In 2001 the Finnish parliament approved the Council of State’s decision in principlal (DiP) of building a high-level waste disposal site to the island of Olkiluoto, in the municipality of Eurajoki. Due to this decision, an underground characterisation facility “Onkalo” is now under construction in Eurajoki, due to be finished in 2010. The idea is to make this eventually a part of the final disposal facility, which is planned to be constructed in 2010 – 2020.
However, unlike often claimed, the DiP approved by the parliament in 2001
– does not mean that the programme and method for the final waste disposal in Finland, based on the Swedish KBS-3 method would have been proved safe
– does not permit Posiva to build the final disposal facility
– does not permit Posiva to start disposing waste
– does not even guarantee that the waste will eventually be stored in Eurajoki
In other words, Finland does not have a solution for the high-level nuclear waste, but a political agreement on how to proceed with the waste management plan. The decision of 2001 was just another step in a long road – a political process that started already in 1983. It gives Posiva the permission to continue with its site-specific research in Eurajoki. Whether the plan, the method and the site are considered safe enough or not are to be analysed at a later phase.

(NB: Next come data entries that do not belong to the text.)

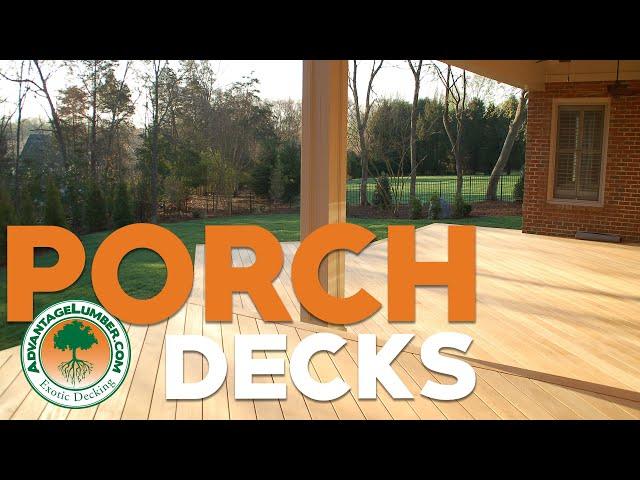 Best Wood for Porch Decks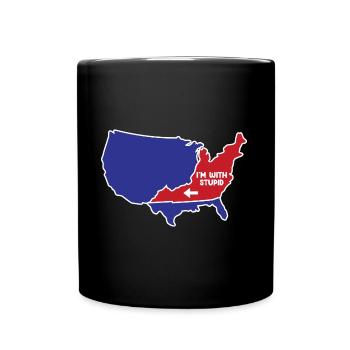 Virginia US Design für patriotische Virginianer - Tasse einfarbig - Schwarz - Vorne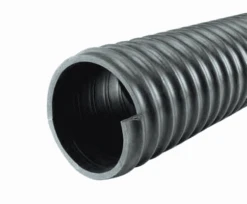 3035-0200-100 By Jason Industrial | 3035 Abrasion Resistant SBR Material Handling Hose | Black | 40 PSI | 2" ID | 2.35" OD | 100ft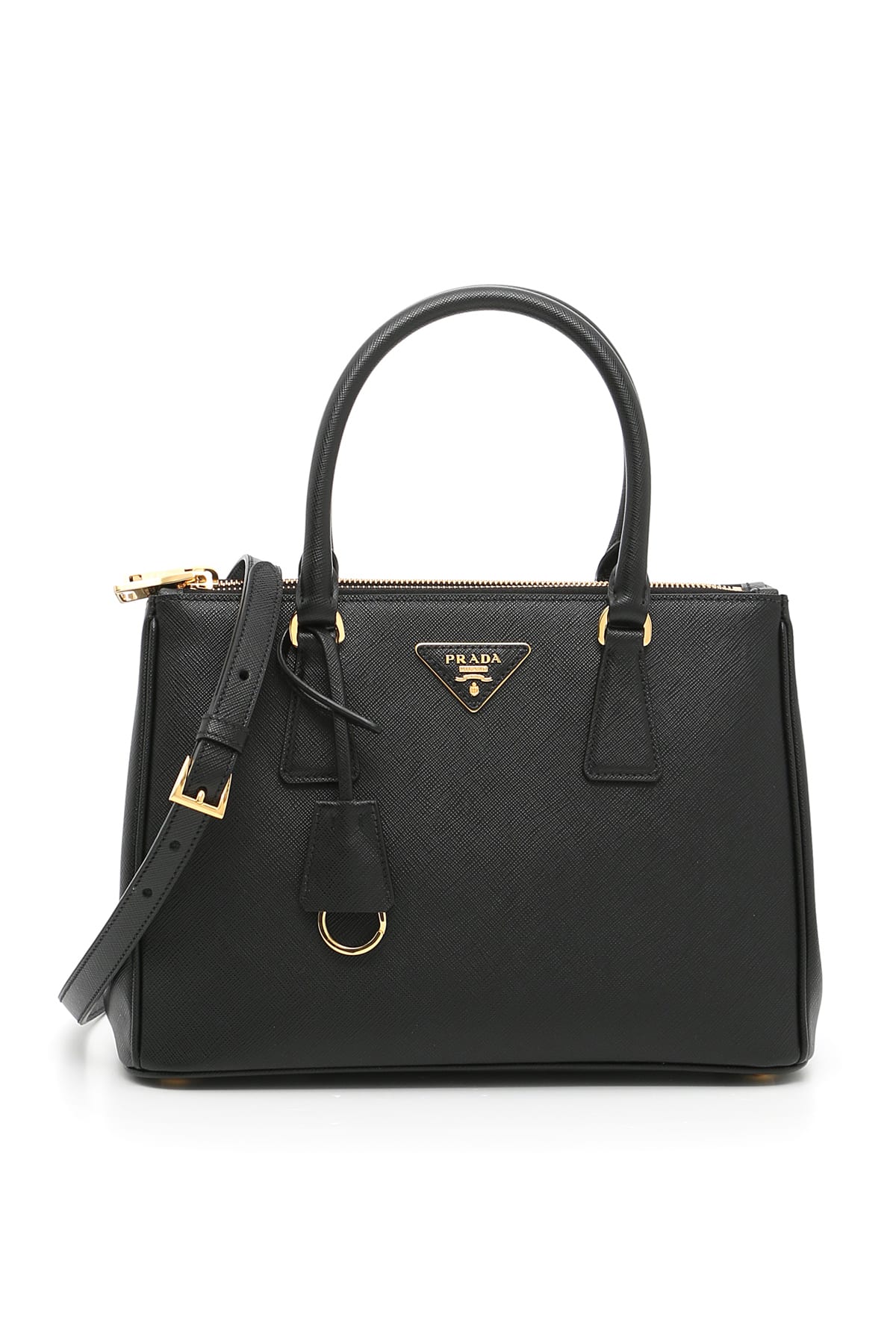 Prada Saffiano Lux Galleria Bag In Nero (black)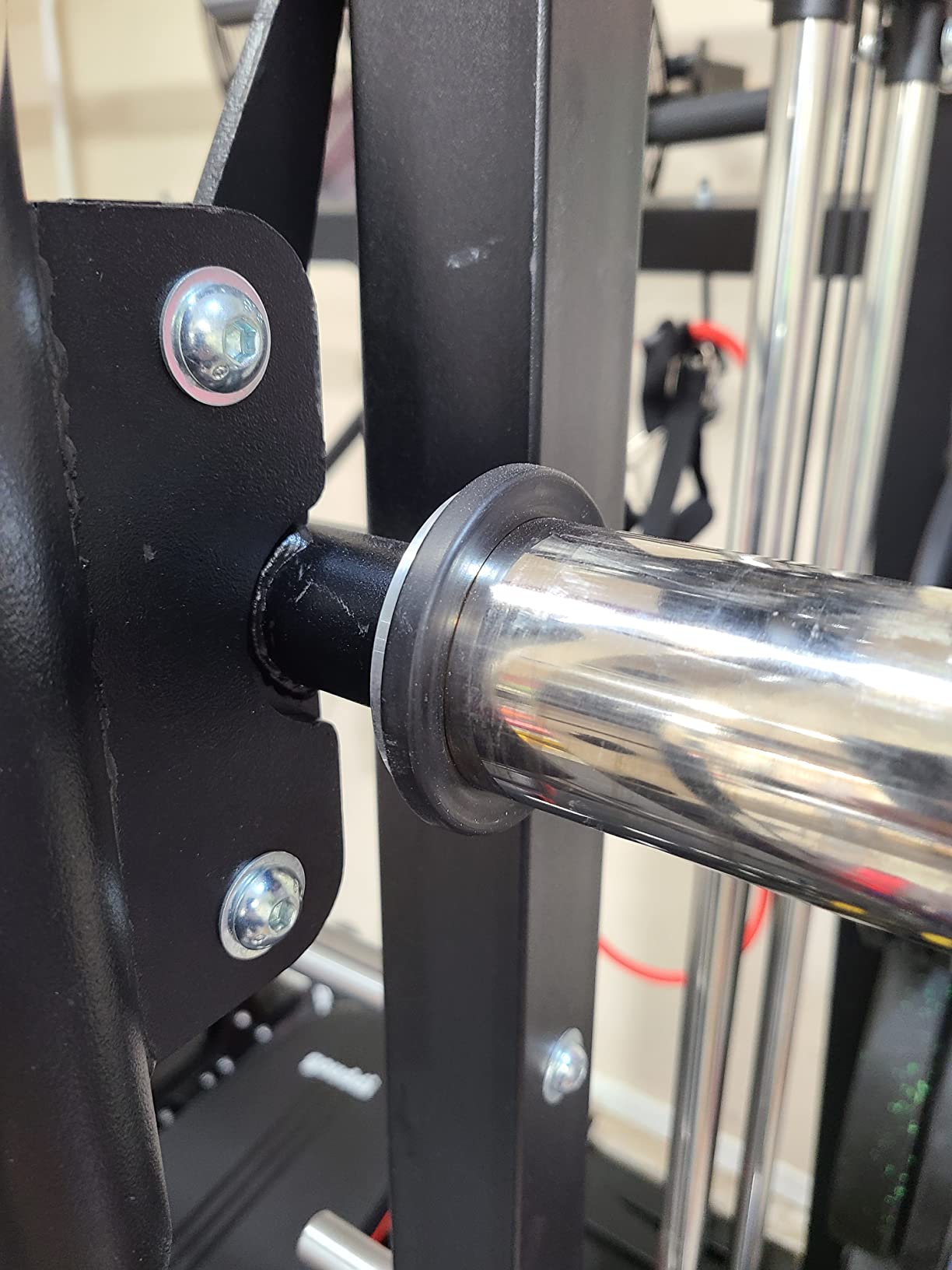 Mikolo M4 2.0 Smith Machine, 2200lbs Squat Rack with LAT-Pull Down System & Cable Crossover Machine, Training Equipment with Leg Hold-Down Attachment customer photo 2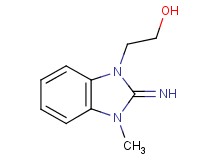2-(2-imino-3-methyl-2,3-dihydro-1H-benzimidazol-1-yl)ethanol 2-(2-imino-3-methyl-2,3-dihydro-1H-benzimidazol-1-yl)ethanol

How safe is the KBS-method?
The nuclear lobby likes to claim that the Swedish KBS method, forming the basis for the Finnish waste programme is completely safe. Interestingly enough it was considered as “absolutely safe” already in 1983.
In reality there’s still a lot of research to be done and criticism has been raised concerning Posiva’s plans and the method itself.
Posiva’s Research Director, Mr. Juhani Vira naturally believes in the method. However, in Posiva’s own publication Posiva tutkii (1/2002) he too reminded that the decision in principle does not as such solve the question of whether we have a solution to nuclear waste. He also noted that there’s a lot of research and planning ahead and there are still open questions related to the safety of the method. In addition he admitted that some questions related to the scheme may remain unanswered forever.
International review group criticices Finnish waste plans for too much haste
International review group commissioned by STUK and consisting of nuclear consults and researchers, has repeatedly criticised Posiva for too much haste in their research and overlooking the seriousness of the problems.
In 2001, the review group stated that the company needs to do more research from the surface and model the bedrock before going forward with construction of a rock characterisation facility inside the bedrock. This is because the construction of the facility changes the original state of the bedrock, making it practically impossible to predict how bedrock would change in the future, with the nuclear waste buried in it.
STUK possessed the statements of the reviewers already in spring 2001, when they together with Posiva claimed to the Finnish parliamentarians that no further studies could be made from the surface. The statement of the review group was never released to the parliamentarians. Only 7 months after the decision in the parliament STUK suddenly released the statements of the review group, and claimed that more research should be made and the programme should be postponed by two years, while more surface research was done.
The review group has not been satisfied with the research ever since. In 2004 it stated that safety analysis is constrained by the tight schedule of Posiva, and criticised the company plans that safety assessment report will be published before the finalization of the research in the bedrock, in order to keep the 2012 deadline for construction permit. The review group states:
“Even without the unforeseen delays, there would be a very short period in which to characterize the rock, select the optimum repository layout or the conduct scientific investigations at disposal depth. Decisions on key safety issues will have to be made before relevant experience has been gained either in Finland or in other countries.”
This is similar to the critique that Greenpeace presented before the decision-in-principle in the parliament, when we asked why decision in the parliament would have to be made before the safety research. The company and STUK seem to be in such a hurry that they push political decisions before the safety research. The review group continues:
“Another major effect of the stringent time table is that the intensive excavation programme threatens to compromise the quality of hydrogeological and geochemical data that can be obtained. There is a danger, that the programme has become overwhelmingly construction driven…In the reviewers’ opinion, unless additional time is allowed, much of the information required for the safety case may not be available. A realistic schedule for tasks that are important for the safety case, with adequate resource allocation, needs to be devised.”